* [TASK STATEMENT]:
Given the records underneath, please repeat exactly the lines from the line with "VAMOS ESPANA マグカップ | 愛国的なスペインサッカー (正面右)" through the line with "1909, Sierra Leone, picture", passing over any picture.

* [DATA FOR REVIEW]:
= = = =
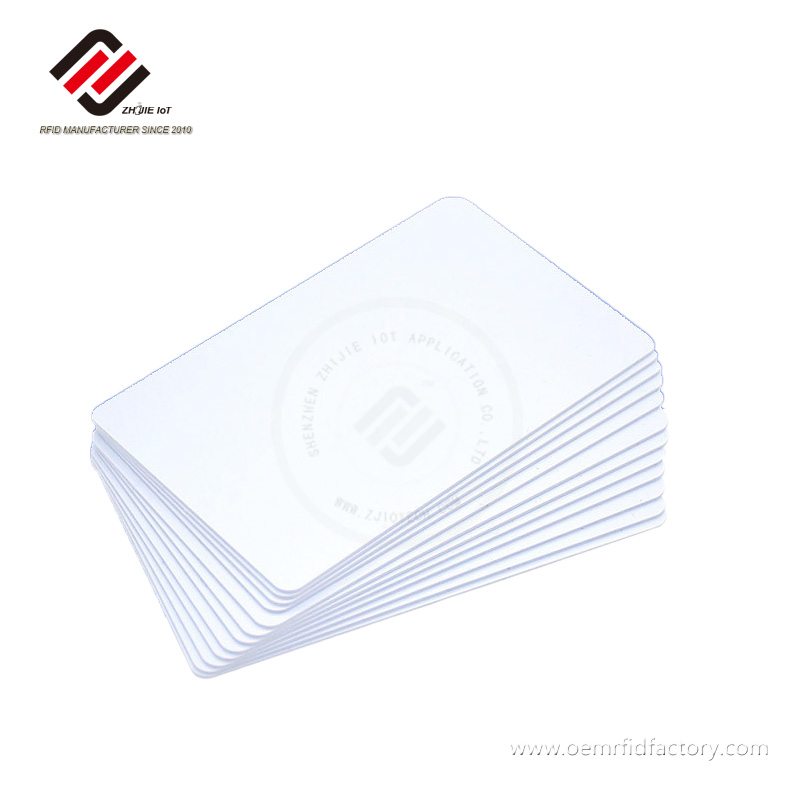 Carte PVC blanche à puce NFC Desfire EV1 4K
= = = =
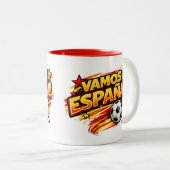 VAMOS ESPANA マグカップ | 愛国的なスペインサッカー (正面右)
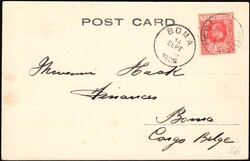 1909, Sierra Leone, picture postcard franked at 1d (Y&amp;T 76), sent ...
= = = =
* [WRITTEN ANSWER]:
 VAMOS ESPANA マグカップ | 愛国的なスペインサッカー (正面右)
 1909, Sierra Leone, picture postcard franked at 1d (Y&amp;T 76), sent ...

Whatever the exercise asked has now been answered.